Ces opérations s’inscrivent dans le cadre d’une information judiciaire ouverte par le pôle santé publique du parquet de Paris, à la suite d’une plainte pour « tromperie » déposée par l’ONG Foodwatch contre Nestlé Waters. Contacté par la cellule investigation de Radio France, le groupe confirme que « des inspections inopinées sont actuellement en cours dans deux de ses sites en France » et assure « coopérer pleinement avec les autorités ». Le parquet de Paris, lui, n’a pas communiqué officiellement.

Une fraude présumée, vieille de plusieurs décennies
En janvier 2024, des révélations du Monde et de Radio France ont mis en lumière des pratiques troublantes : des eaux vendues comme « minérales naturelles » ou « de source » auraient subi des traitements de purification interdits pour ces catégories, afin d’éliminer des contaminations bactériennes ou des traces de substances chimiques détectées à la source.
Foodwatch s’est alors emparée de l’affaire. L’ONG a déposé une première plainte en février 2024, puis deux nouvelles plaintes avec constitution de partie civile en septembre, après avoir refusé l’accord financier proposé par le tribunal d’Épinal pour clore le volet Nestlé Waters Grand Est. « Une tractation financière scellée à Épinal ne doit pas mettre fin aux investigations sur une fraude d’une ampleur internationale », avait alors déclaré Ingrid Kragl, experte fraude chez Foodwatch.
Dans ses plaintes, l’organisation détaille des pratiques qui remonteraient, selon elle, à 1993 pour certaines marques Nestlé. Elle vise également le groupe Sources Alma, producteur de Cristaline, l’eau la plus vendue en France, accusée d’avoir ajouté du gaz carbonique dans l’eau Chateldon, présentée comme « naturellement gazeuse », ou encore du sulfate de fer pour réduire la présence d’arsenic sur le site de Saint-Yorre et Vichy Célestins.

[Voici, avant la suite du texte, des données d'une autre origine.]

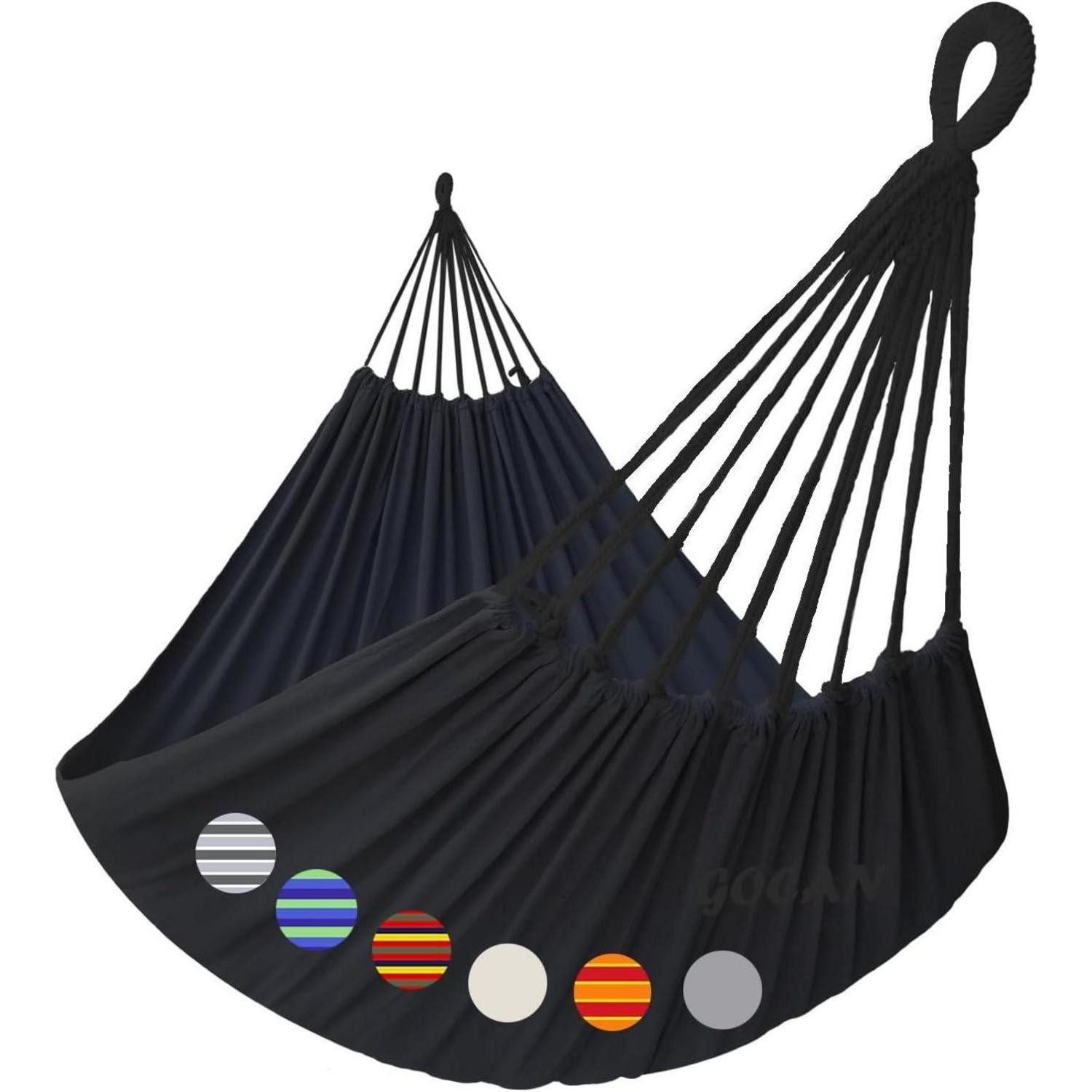 LuxusKollektion Hängematte Hängematte 2 Personen 220x150cm 300kg Baumwolle Schwarz (1 St)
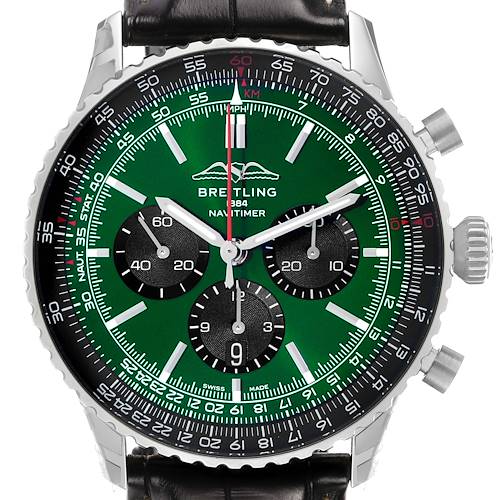 Photo of Breitling Navitimer B01 Steel Dark Green Dial Mens Watch AB0137 Unworn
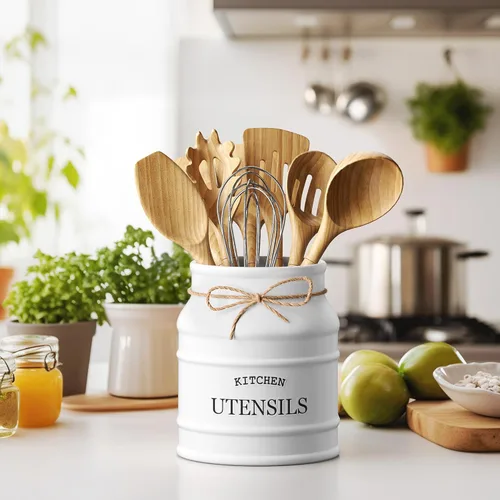 Miniatura 2 de Barnyard Designs Soporte de Utensilios de Cerámica de Granja para Encimera de Cocina, Vajilla Rústica Grande, Organizador de Herramientas de Cocina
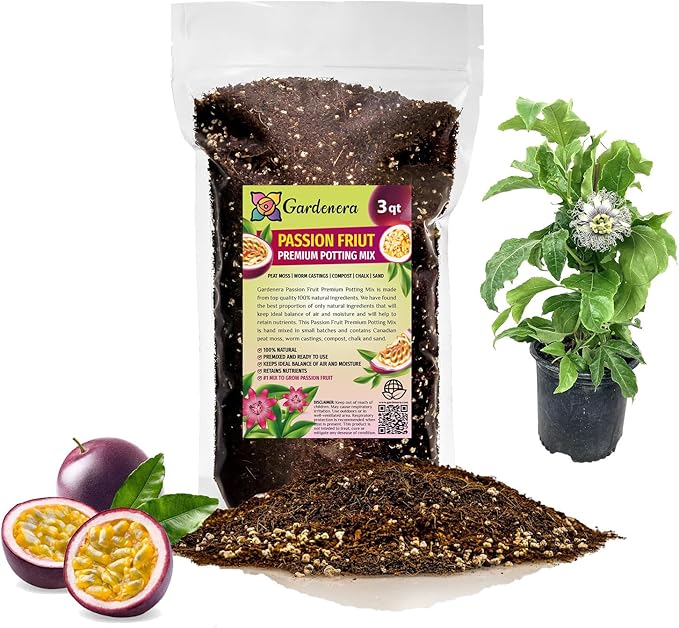 Premium Passion Fruit Potting Soil Mix - Perfect Balance of Nutrients, Drainage, and Aeration for Thriving Passion Fruit Vines - 3 Quart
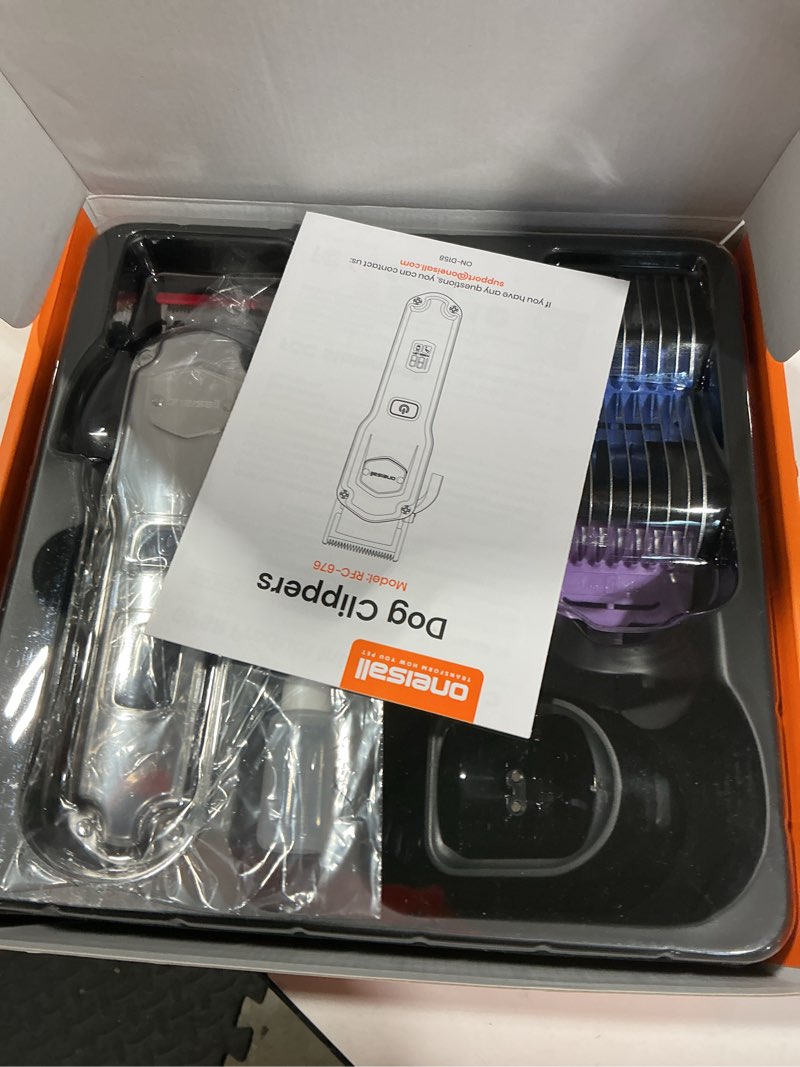 Condition photo showing New/Like New for oneisall professional dog grooming clippers: cordless rechargeable thick hair clipper with detachable metal combs, low noise heavy-duty pet clippers for curly/fine/wavy hair, 676pro (silver) silver pro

« Aucune multinationale n’est au-dessus des lois », résumait alors Ingrid Kragl. Les perquisitions de ce mardi semblent indiquer que la justice partage, au moins en partie, cette conviction.
- Une quarantaine d’agents de la répression des fraudes ont perquisitionné ce 19 mai les sites Perrier et Vittel de Nestlé Waters, dans le cadre d’une information judiciaire ouverte à Paris.
- L’ONG Foodwatch accuse le groupe d’avoir eu recours à des traitements de purification interdits sur ses eaux minérales naturelles depuis les années 1990.
- Le groupe Sources Alma, producteur de Cristaline, est également visé par une plainte pour des pratiques similaires présumées.